TRY IT => Omit all pictures, then retype the data exactly as given.

DATA SEGMENT =>
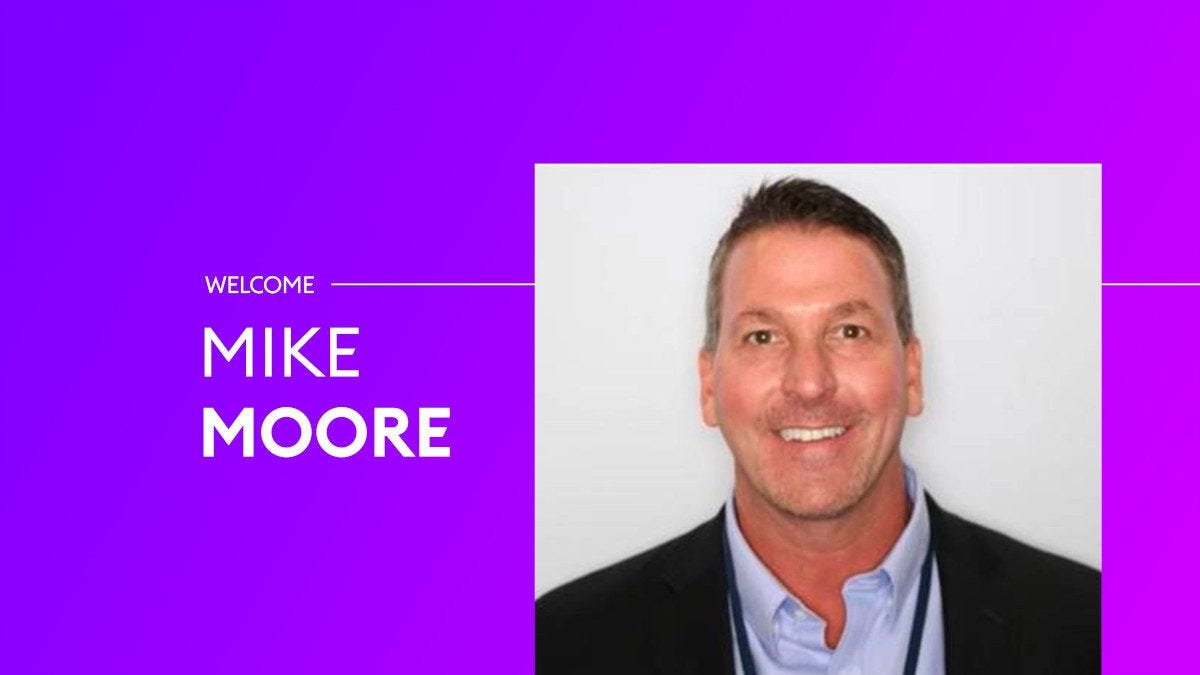 Mike Moore is part of the Virgin Galactic Leadership Structure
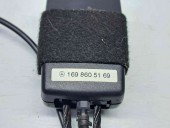  Capsa centura dreapta fata Mercedes Clasa B (W245) [Fabr 2005-2011] A1698605169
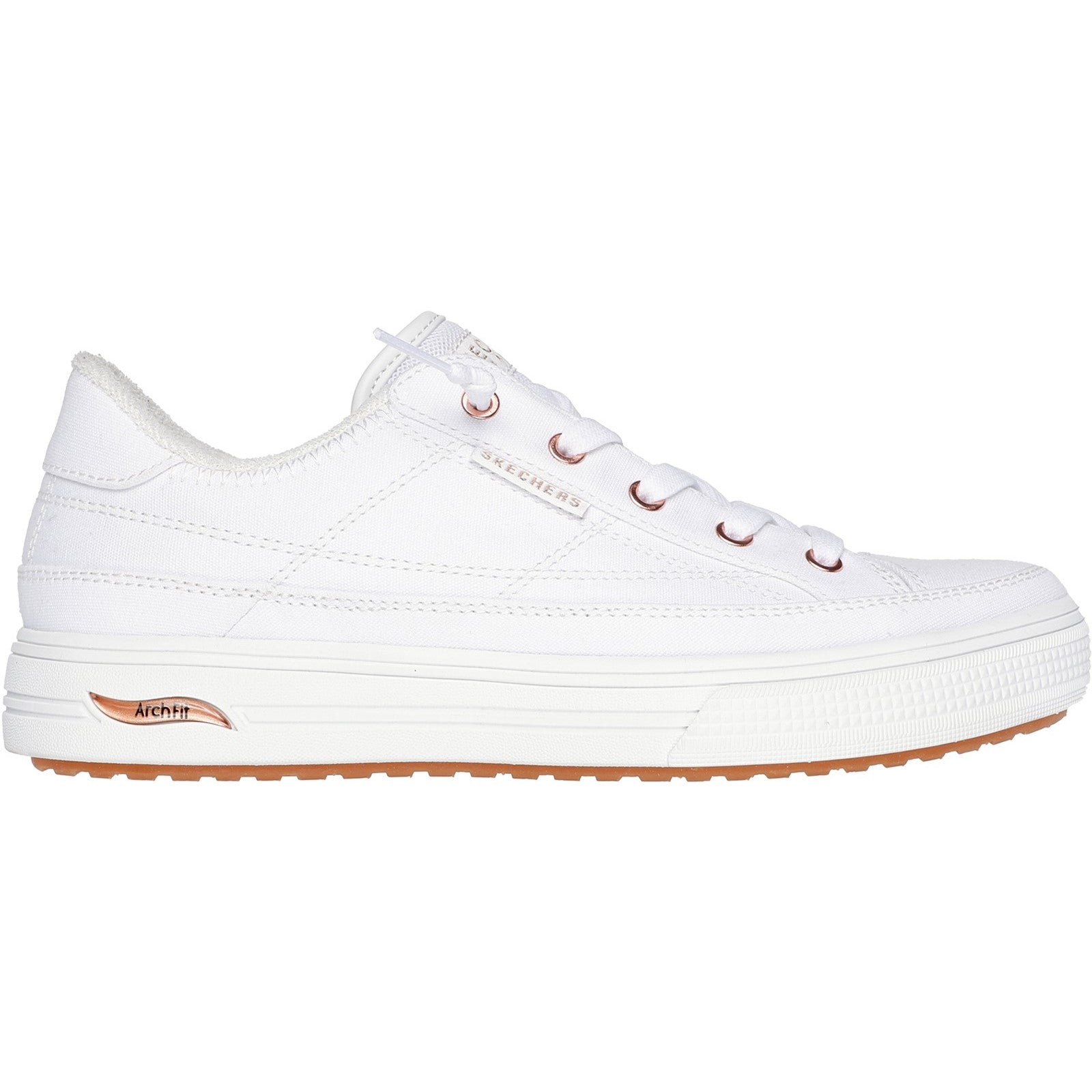 Skechers Arch Fit Arcade - Meet Ya There Trainers Skechers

OUTPUT FOR THIS EXERCISE =>
 Mike Moore is part of the Virgin Galactic Leadership Structure
  Capsa centura dreapta fata Mercedes Clasa B (W245) [Fabr 2005-2011] A1698605169
 Skechers Arch Fit Arcade - Meet Ya There Trainers Skechers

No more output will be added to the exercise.